Ghosh effectively blends the personal evolution of Amartya Sen and his theories as an Economist and Philosopher fluidly in a manner that one can relate to Sen’s evolution and teachings and carry something home to ponder over, to wonder about and to be influenced by. The film, traces his early boyhood in Manikganj in Bangladesh with his shift to Dhaka ,where his father was a professor, and then to Santiniketan where he lived with his mother and maternal grandfather, Acharya Kshitimohan Sen, a close associate of Rabindranath Tagore. The film is held by the thread of two interviews conducted by famous economist and former student of Sen, Dr. Kaushik Basu, Professor of Economics at Cornell University and Chief Economic Advisor to the Ministry of Finance, Government of India, filled with complex technical comments on Economics with a 15-year gap between the two conversations. The intercutting,  often showing Sen writing several formulae on a black board to explain some of them to his students, may sound obtuse to most of us but they do offer us a glimpse into the mind of this genius.

The film shows eminent Nobel Laureates like the late Professor Paul Samuelson speaking into the camera alongside Nobel Laureate Kenneth J Arrow and Timothy Scanlon, Professor, Harvard University talking about Sen into the camera. Among others interviewed are Dhiresh Bhattacharya, Sen’s professor at Presidency College, Professor Sugata Bose, Gardiner Professor of Oceanic History and Affairs at Harvard who teaches a course with the Nobel Laureate and Sen’s late mother, then 92 when the first film was made, who is quoted by Sen as saying that she did not believe him when he called up to inform her that he had won the Nobel Prize! Former Indian Prime Minister Manmohan Singh says, “He is a puzzle to me.”  while Dhiresh Bhattacharya elaborates, “Presidency College played a minimal part in his winning the Nobel Prize. Cambridge gave him a different language, a different way of thinking and a different approach to the subject.”

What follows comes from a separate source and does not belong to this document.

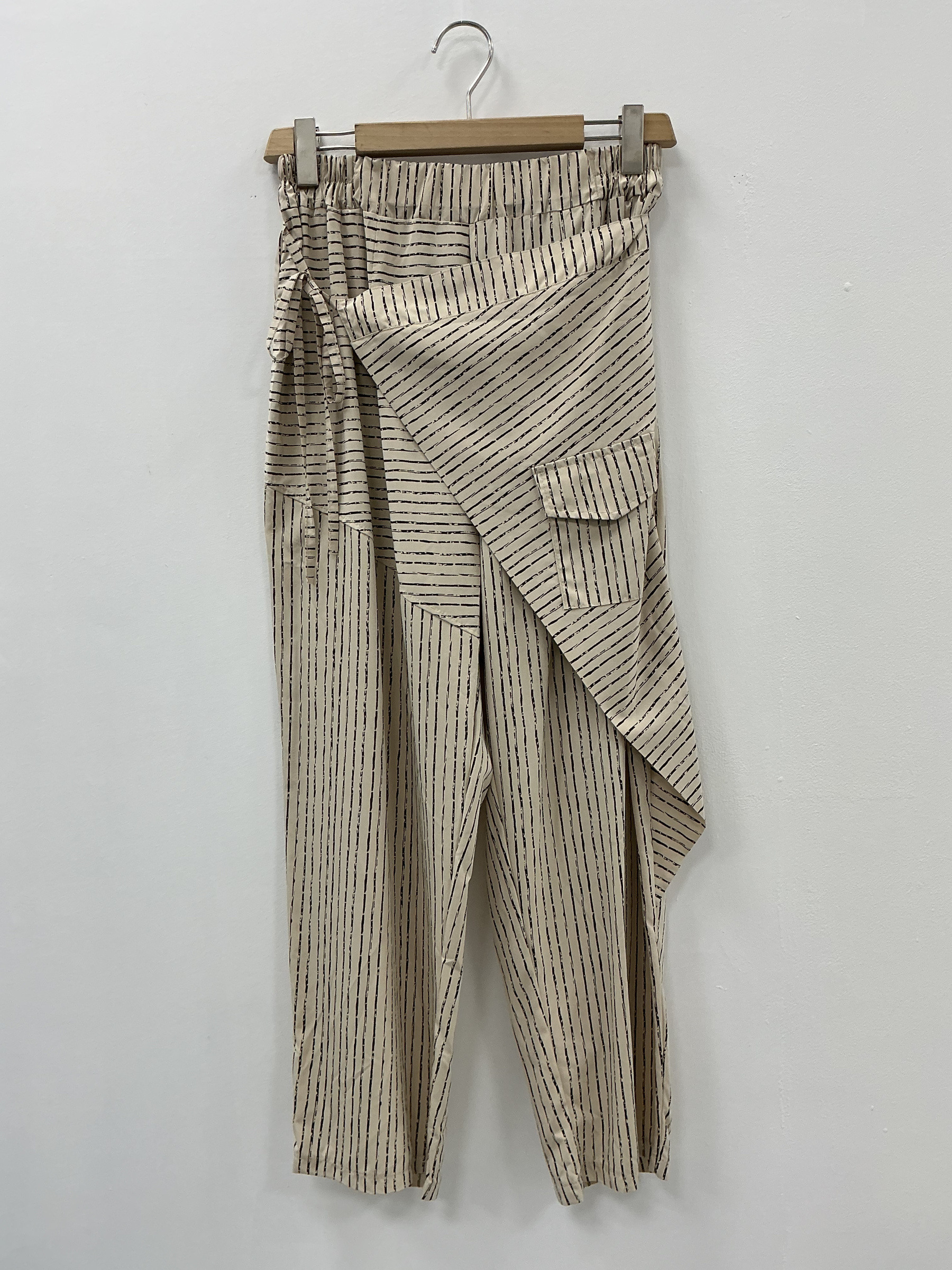 Mayorista KIS₂ - PANTALÓN CURVY A RAYAS ANCHO ELÁSTICO CON BOLSILLOS CÓMODO TALLA ÚNICA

The camera (Shirsha Ray, Slawomir Grundberg, Jason Longo) scans the vast geographical canvas of Sen’s world opening with his teaching a class at a University abroad, panning to capture the statue of Mahatma Gandhi, through the open fields of Santiniketan touching two little boys running across the fields, to the Ashrama at Santiniketan and across the murals on the walls to a brief glimpse into Pratichi. There are scenes of College Street along Presidency College, shots of Sen walking down the green fields of Trinity College near Cam Lake, Cambridge as the camera meanders across figures of Alfred Lord Tennyson, Francis Bacon and so on, capturing the essence of his nostalgic account of the beginning of his stint as Master at Trinity College which he served from 1998 to 2004. The film also has touches of his sense of dry, British humor while the humility of this great mind takes the viewer by surprise. The music is kept deliberately low-key and offers a sound backdrop to what is happening within the film and what the subject is doing.

The most shocking revelation the film makes is Sen’s nostalgic but very objective detailing of his battle with cancer at the tender age of 18 when he was in college. “I detected a swelling in my mouth, a nodule in my palette, which the first doctor I went to could not detect. The experts at Medical College Hospital advised that it be cut off immediately, which I did not listen to. A medical student who was my hostel room-mate said it might be carcinoma. I began to read up and diagnosed my condition precisely as proved soon after in a biopsy conducted at the Chittaranjan Cancer Hospital. This self-diagnosis was very important for me. It opened up the possibilities inherent in the process of reading. I had diagnosed my illness only on the basis of my reading. I was seeing myself more as an agent than as a patient. For one year, I had to undergo radiation. It was unknown then because the Hiroshima bombing was just eight years old and few were aware of the effects of radiation then. It was a time for reviewing one’s vanity. It was a challenge I had to face. I had a kind of aggressiveness about it which was important for me,” says Sen. He was given five years to live and with 49 years gone (when the film was made in 2002), he is still alive. He adds that he went through depression during the illness because it cost him a year’s loss in academics. His mother (since deceased) said that as she was a believer while her son was not, she left everything to God.

While providing a fascinating journey into Sen’s mind, this viewer, however, felt the lack of an insight into Sen as a husband and father though, there are ample references to his close bonding with his mother and with Santiniketan. This is a common truth that applies to most biopics of great personalities. Does this mean that their greatness in a given field subsumes the basic human being as husband, father, brother and so on? One would think not.